June 15, 2009


 Ag department leaders seek comments on animal ID system

Posted June 1, 2009

Federal agriculture authorities are asking stakeholders in livestock and poultry industries to provide input on the National Animal Identification System.

Secretary of Agriculture Tom Vilsack said in a written statement provided May 4 that approximately 35 percent of farmers in the U.S. are participating in the voluntary system, and concerns remain over cost, the impact on small farmers, privacy, confidentiality, and liability.

"Today, I am asking farmers and stakeholders to engage with USDA in a more productive dialogue about NAIS," Secretary Vilsack said in the written statement. "Now is the time to have frank and open conversations."

The USDA is seeking comments at www.regulations.gov as part of that dialogue. To submit comments, type APHIS-2009-0027-0001 into the site's search box.

The deadline for online comments was not determined as of press time.

Department of Agriculture officials had also at press time scheduled seven meetings from May 14 to June 1 in cities across the country to seek suggestions and comments on the system.

Dr. John Clifford, deputy administrator for the USDA Animal and Plant Health Inspection Service, said in testimony May 5 before two House subcommittees that about 70 percent of animals of a given species or sector would need to be identified and traceable for the NAIS to be successful.

"While 70 percent would provide some measure of traceability, I must emphasize that we really need to achieve higher participation rates, perhaps as high as 90 percent, to ensure the benefits of the system," Dr. Clifford said, according to a transcript from the House Committee on Agriculture.

Dr. W. Ron DeHaven, AVMA CEO, testified March 11 before the House Subcommittee on Livestock, Dairy, and Poultry that the AVMA supports implementation of a mandatory NAIS. He said livestock disease outbreaks can be devastating for animal production, food production, and trade, and a mandatory NAIS would reduce the time needed to control such an outbreak and minimize the economic and public health impacts.

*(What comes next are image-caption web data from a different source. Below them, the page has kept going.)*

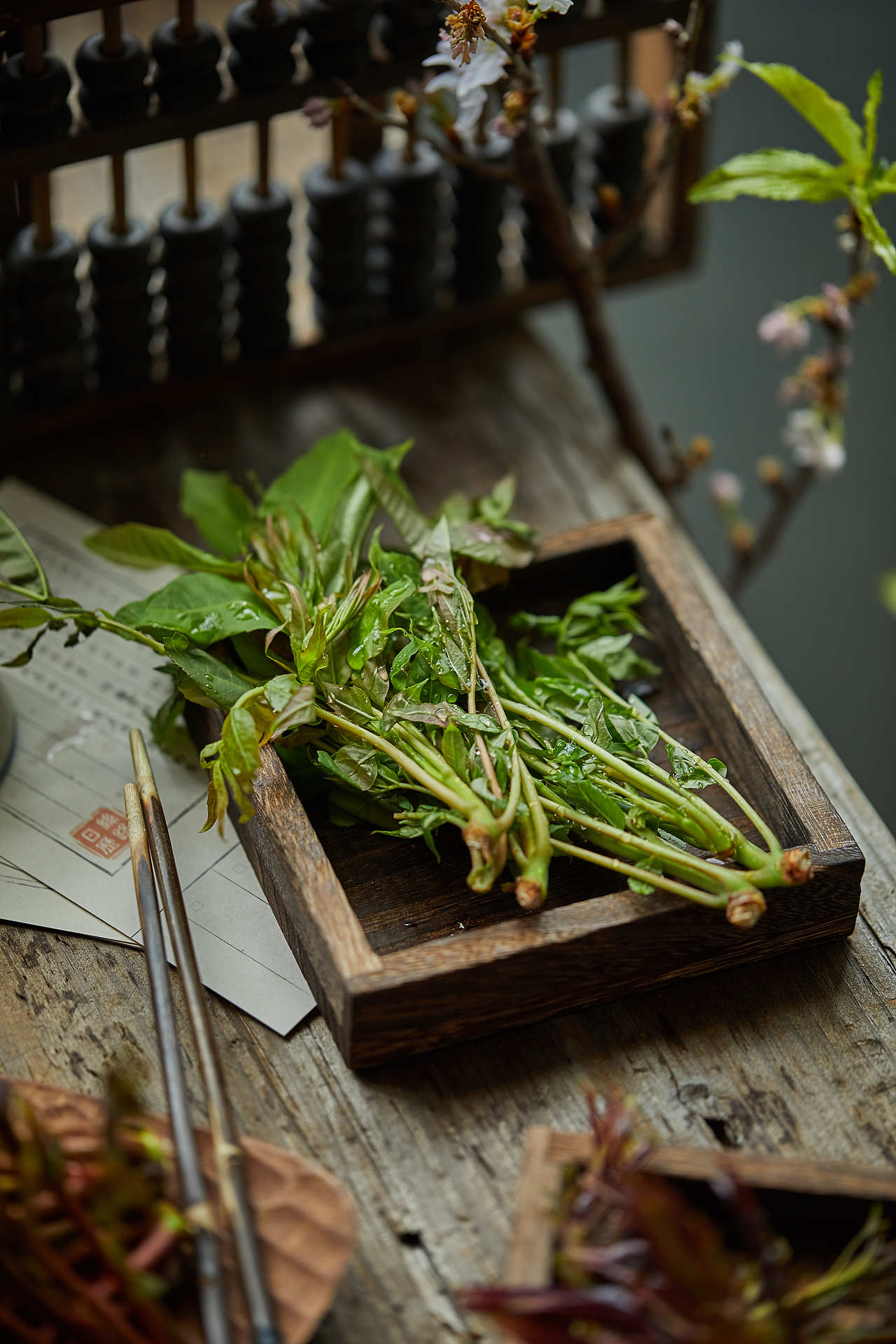野菜——春季篇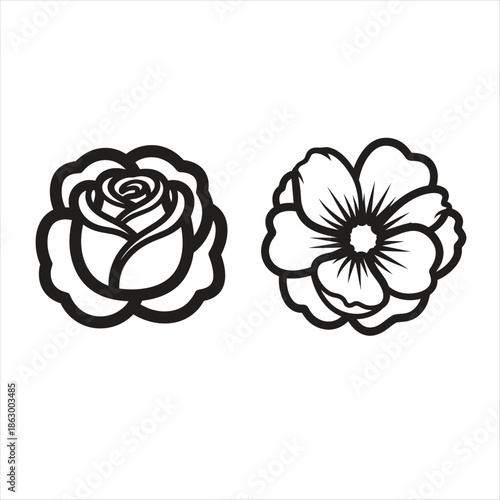 Black and White Line Art of Rose and Hibiscus Flowers.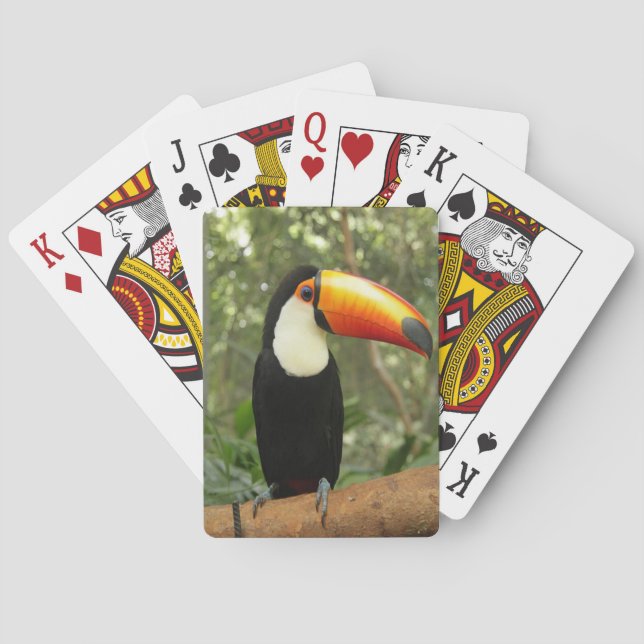 Toucan on tree branch poker cards (Back)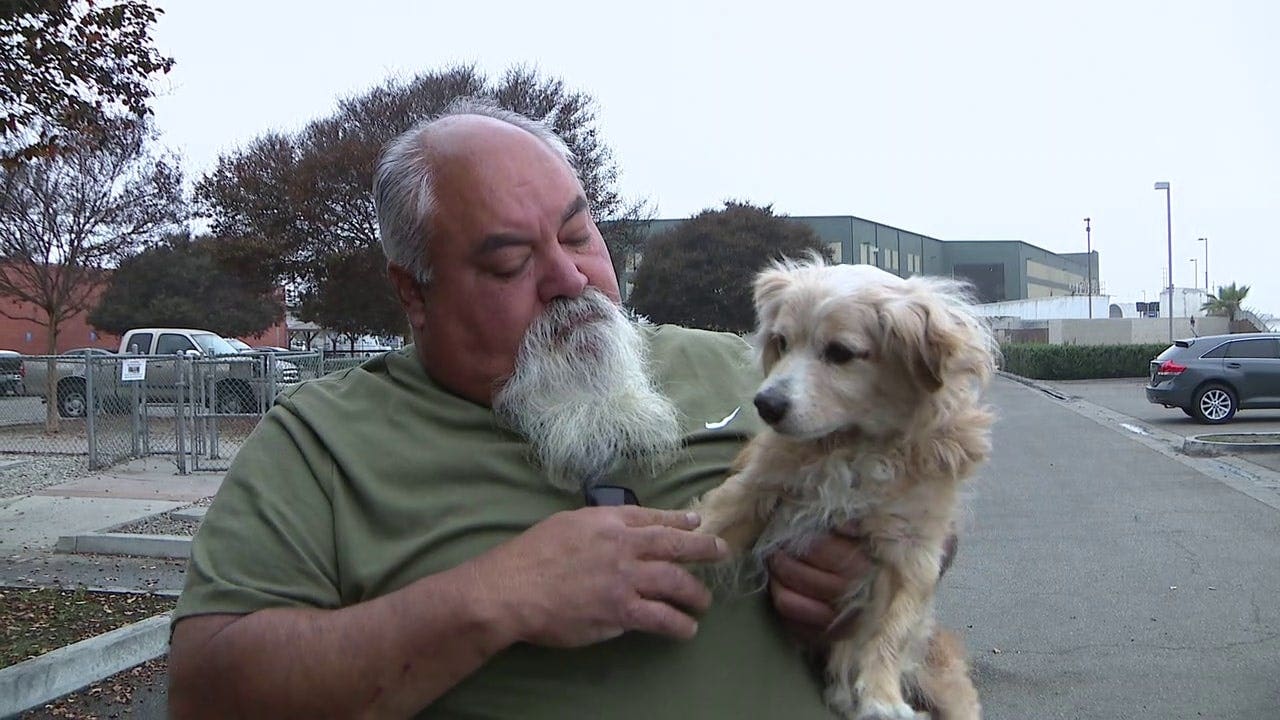 Man reunited with dog for holidays after 11 years apart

Dr. James O. Cook, AVMA president, was among more than two dozen stakeholders who gave presentations on the NAIS during a roundtable discussion hosted by the USDA on April 15.

Dr. Cook said the AVMA strongly supports implementation of an animal identification program that can trace the origins and travels of animals within 48 hours. Without such a system, U.S. agricultural producers would face problems involving trade restrictions and disease control, he said.

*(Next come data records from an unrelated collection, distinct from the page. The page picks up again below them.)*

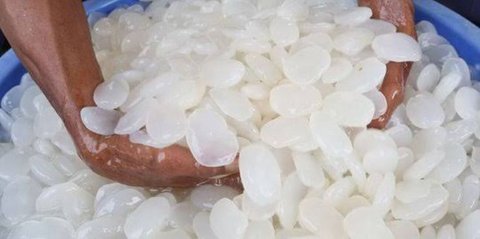 Cara Konsumsi Kolang-Kaling untuk Memaksimalkan Manfaat Sehatnya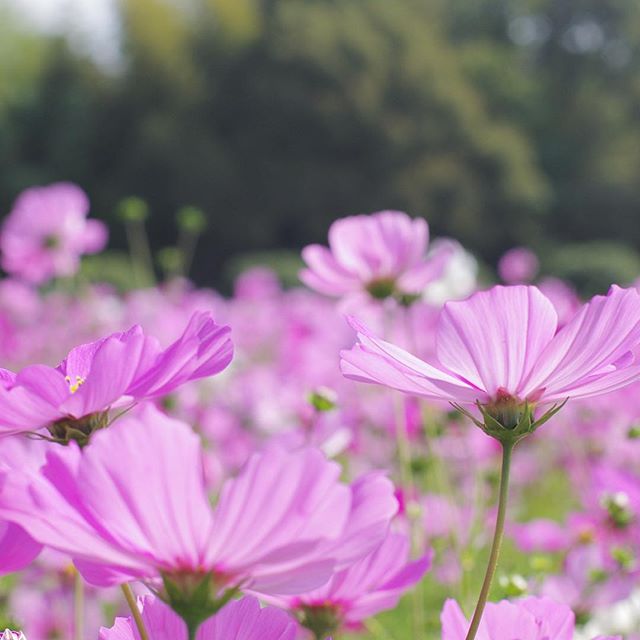 秋桜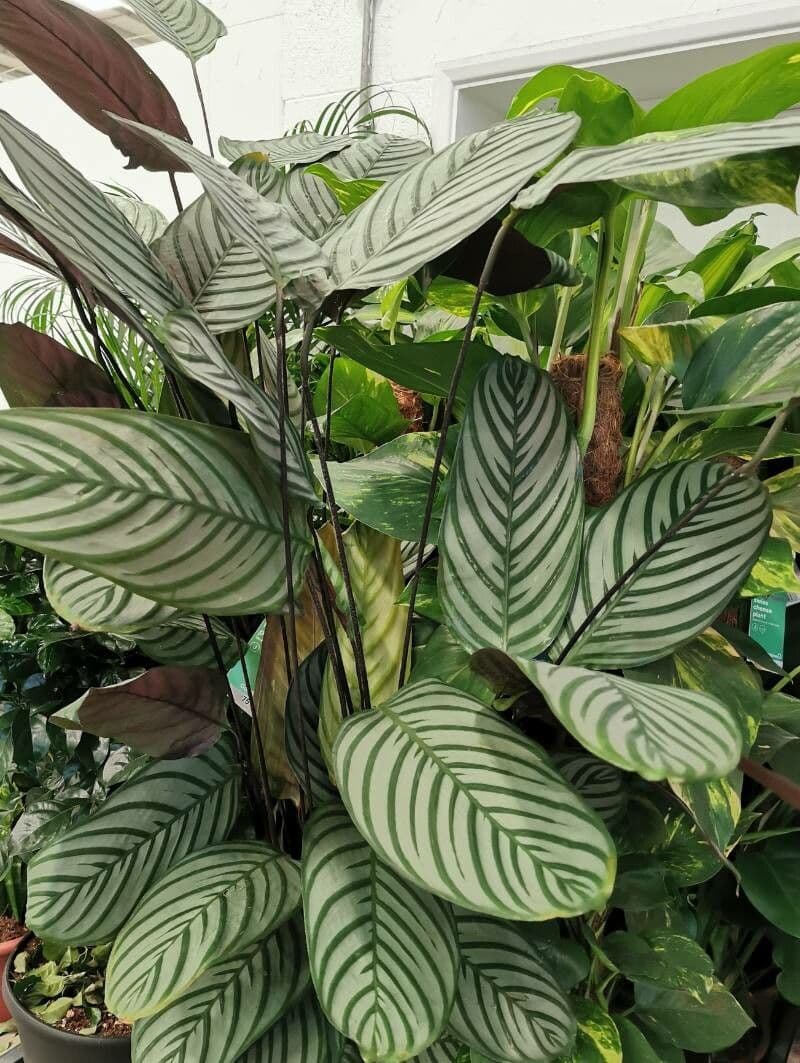Ctenanthe setosa 17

"For a highly contagious disease such as foot-and-mouth disease, a rapid response made possible with a National Animal Identification System could save millions of animal lives and billions of dollars," Dr. Cook said, according to a USDA transcript.

"Animal identification systems are becoming prerequisites to international trade, and studies describe how our nation lags behind major livestock-producing countries in terms of animal traceability."

Joelle R. Schelhaus, a spokeswoman for USDA-APHIS, said the USDA is still promoting the NAIS as a voluntary system, and the public would be told if that were to change.